== Task to carry out ==
Retype each entry exactly as written, and keep the pictures out of the copy.

....

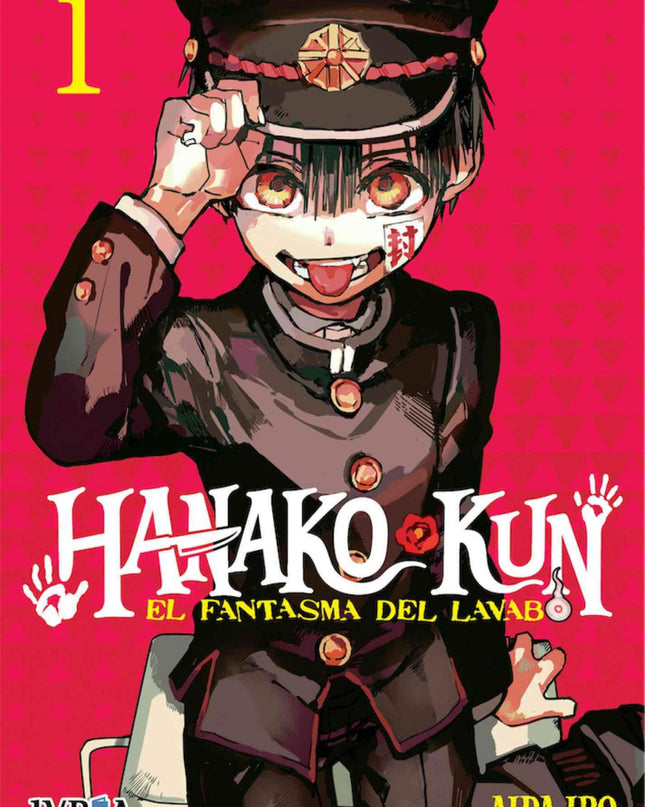Hanako-kun : El Fantasma Del Lavabo 1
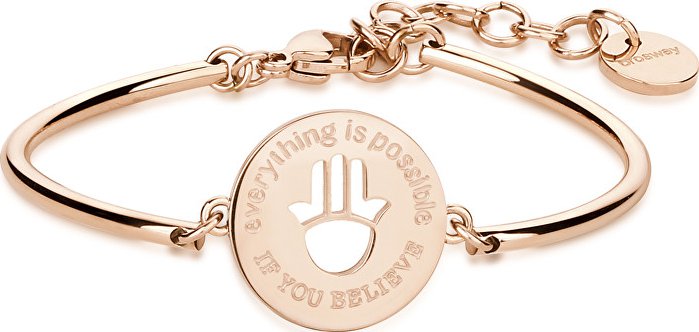 Bracciale Donna Brosway Chakra In Acciaio Per La Laurea Con Gufo Bhkb205
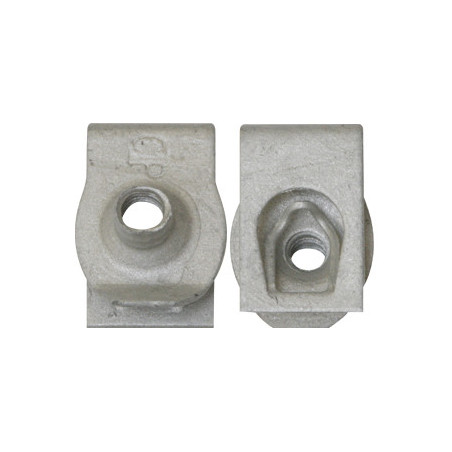 CLIP ÉCROU À PINCER Ø 4,2 mm BOUCLIER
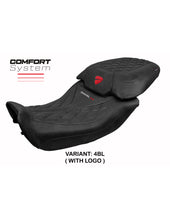 Load image into Gallery viewer, TPZ Italia comfort foam seat cover for Ducati Diavel V4 2023-2024 — Euro Motards — view 5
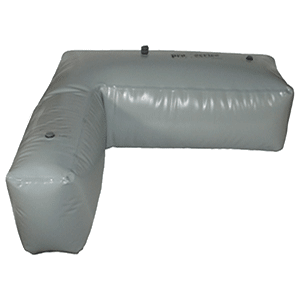 Fatsac W710-GRAY Fat Seat Ballast Bag -  1250lbs - Gray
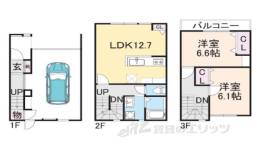 南滋賀BASE間取り図面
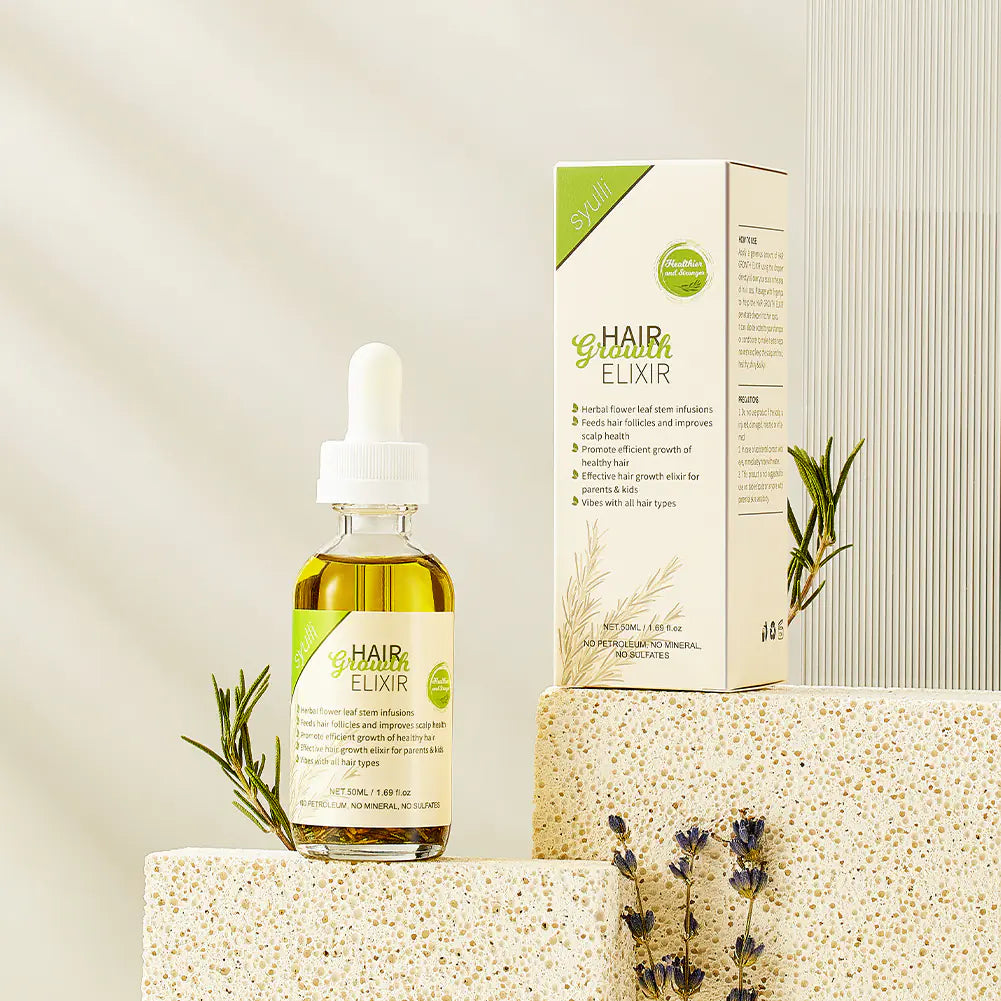 Natural Hair Oil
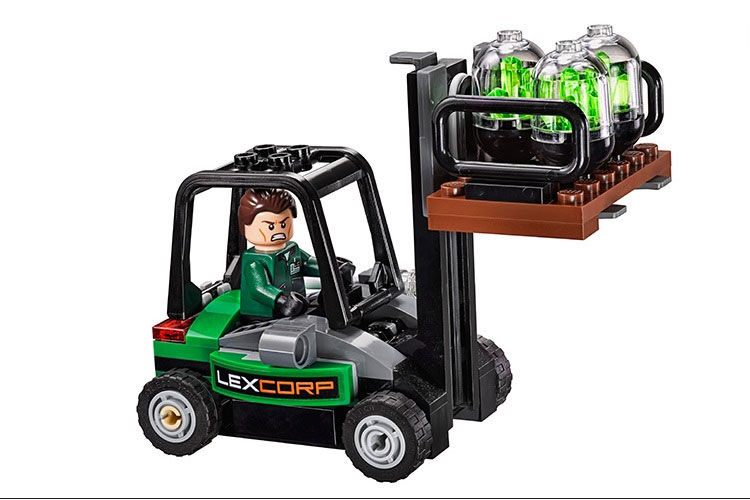 Thumbnail: LEPIN 07018 Kryptonite Interception Super(306pcs)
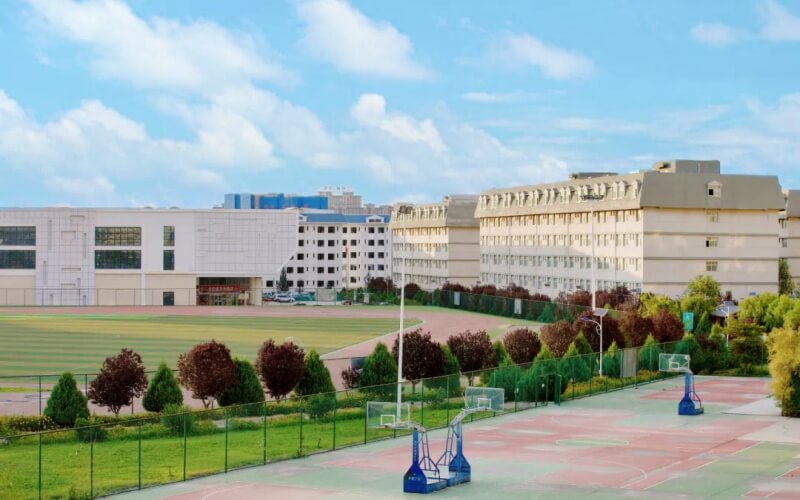 兰州博文科技学院_校园风光_学校景色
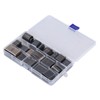 52Pcs Hollow Punch Cutter Set High Speed Steel Practical Leather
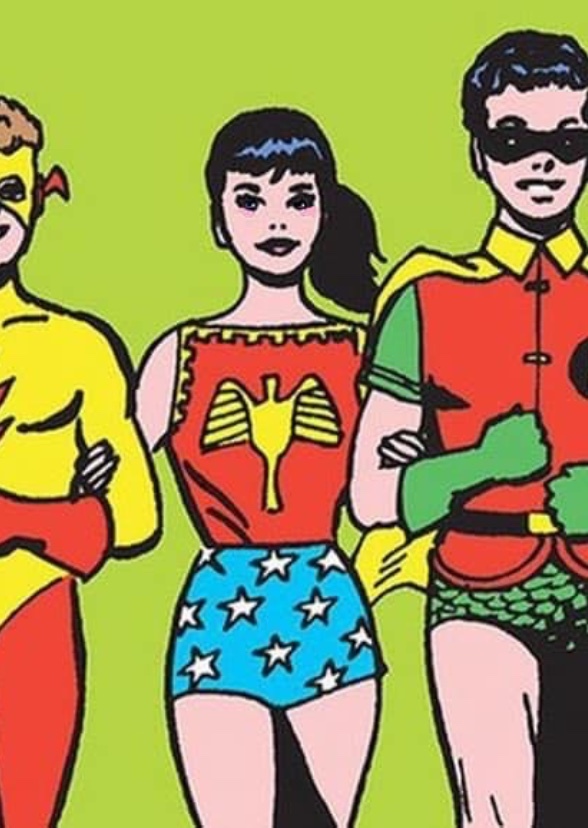 My Teen Titans Cast  (1984)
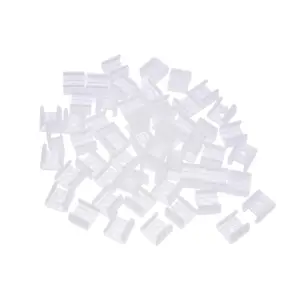 50 styk ASTRA professionelle monteringsklips til ASTRA 230V LED strip, 16mm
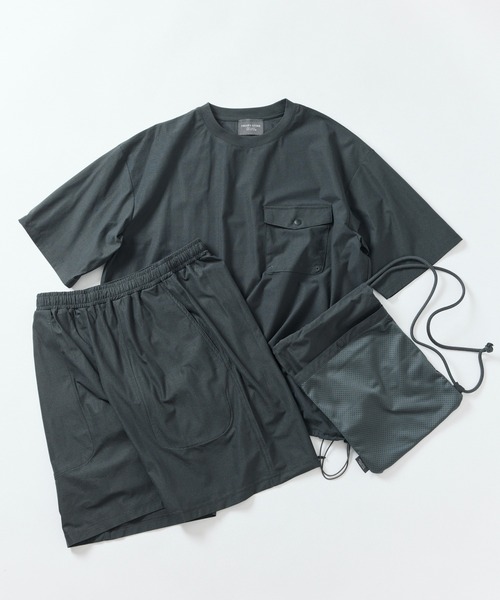 FREAK'S STORE（フリークスストア） tシャツ 速乾 パッカブル ショート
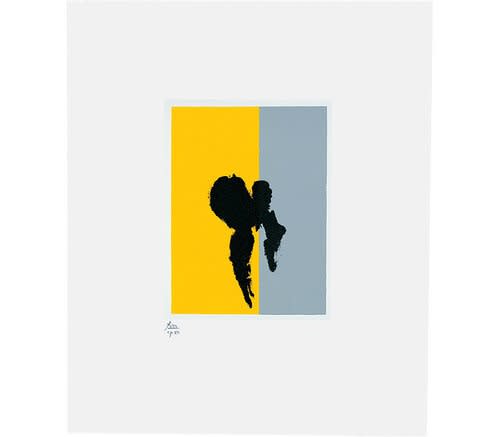 Robert Motherwell, Paris Suite II (Summer), 1980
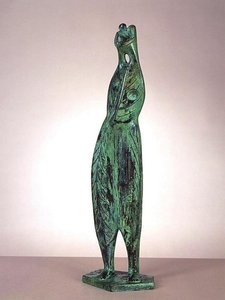 Leaf Figure No. 3 — Henry Moore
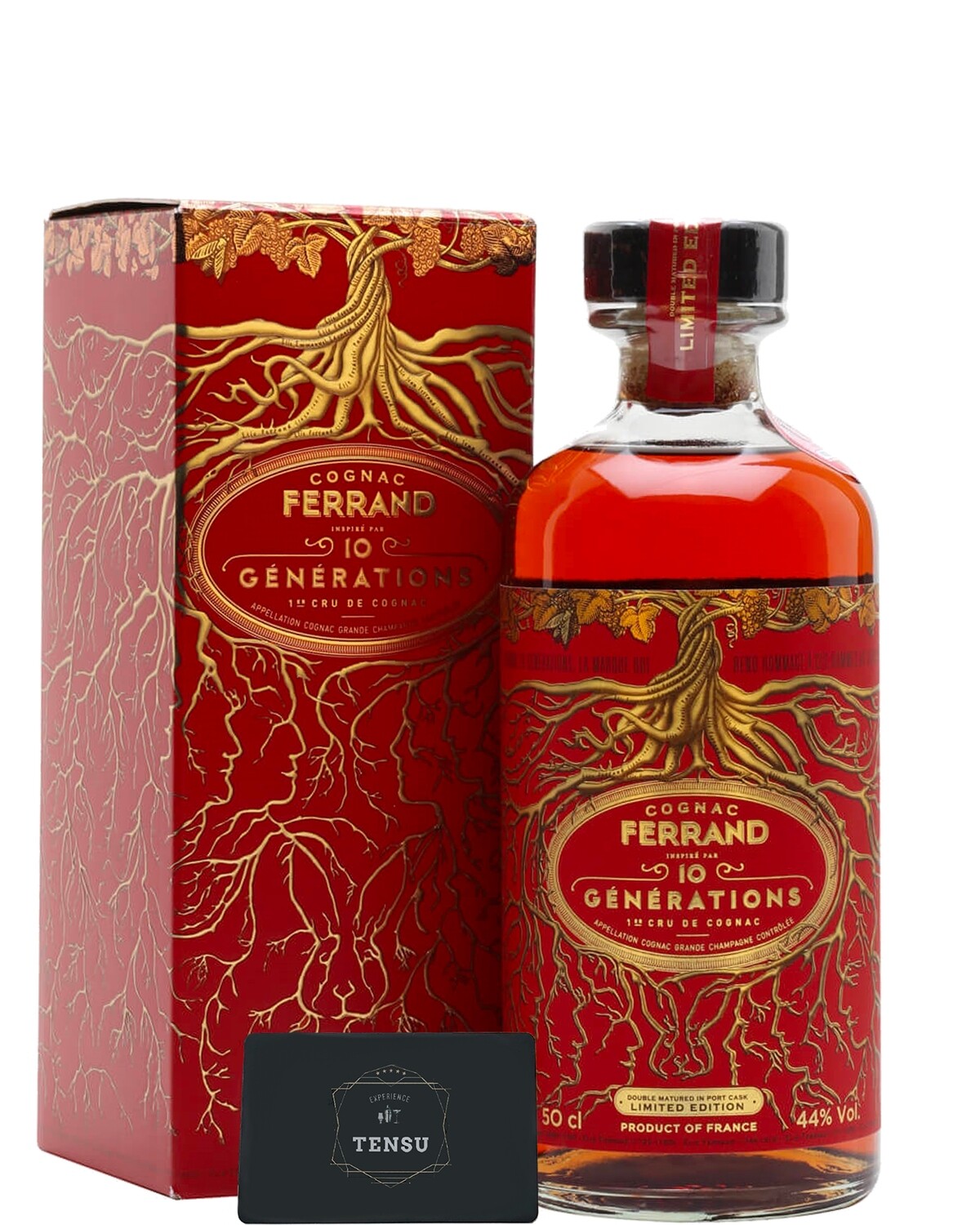 Pierre Ferrand 10 Generations Cognac (2022) Port Cask Finish 44,0 "OB"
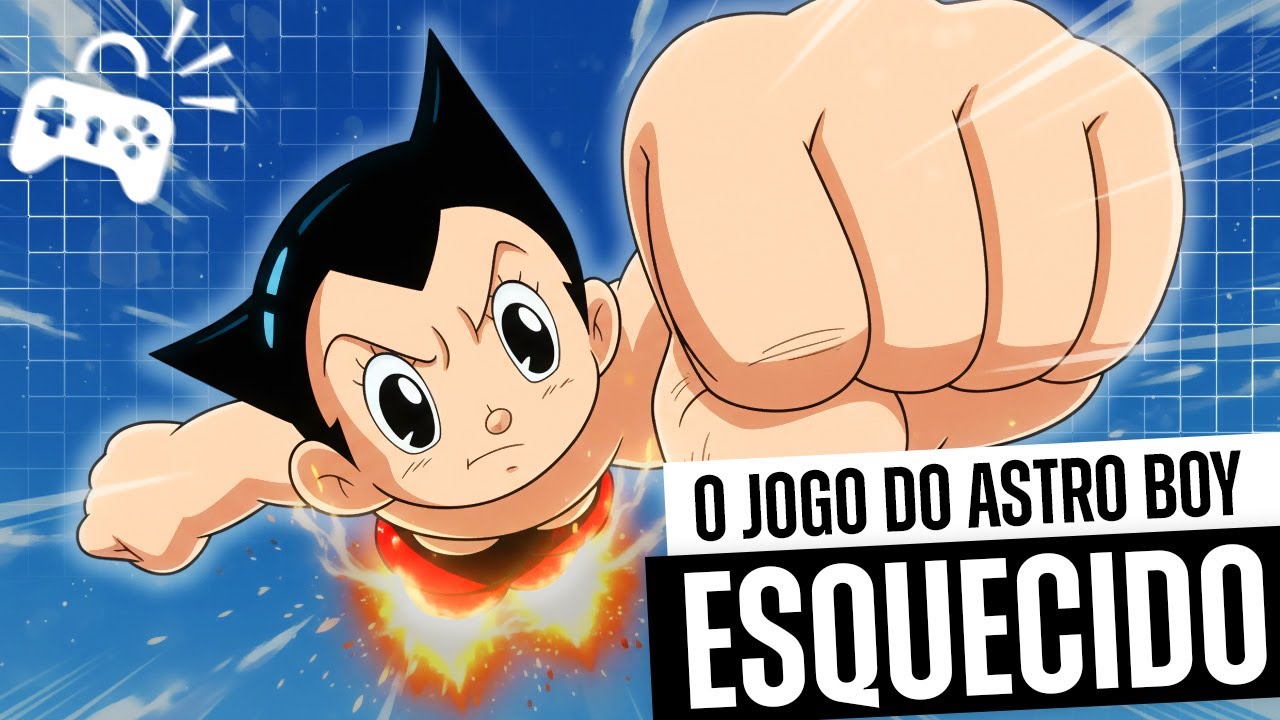 A Joia Rara do GBA que Passou Batido | Astro Boy: Omega Factor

....

== Task response ==
Hanako-kun : El Fantasma Del Lavabo 1
 Bracciale Donna Brosway Chakra In Acciaio Per La Laurea Con Gufo Bhkb205
 CLIP ÉCROU À PINCER Ø 4,2 mm BOUCLIER
 Load image into Gallery viewer, TPZ Italia comfort foam seat cover for Ducati Diavel V4 2023-2024 — Euro Motards — view 5
 Fatsac W710-GRAY Fat Seat Ballast Bag -  1250lbs - Gray
 南滋賀BASE間取り図面
 Natural Hair Oil
 Thumbnail: LEPIN 07018 Kryptonite Interception Super(306pcs)
 兰州博文科技学院_校园风光_学校景色
 52Pcs Hollow Punch Cutter Set High Speed Steel Practical Leather
 My Teen Titans Cast  (1984)
 50 styk ASTRA professionelle monteringsklips til ASTRA 230V LED strip, 16mm
 FREAK'S STORE（フリークスストア） tシャツ 速乾 パッカブル ショート
 Robert Motherwell, Paris Suite II (Summer), 1980
 Leaf Figure No. 3 — Henry Moore
 Pierre Ferrand 10 Generations Cognac (2022) Port Cask Finish 44,0 "OB"
 A Joia Rara do GBA que Passou Batido | Astro Boy: Omega Factor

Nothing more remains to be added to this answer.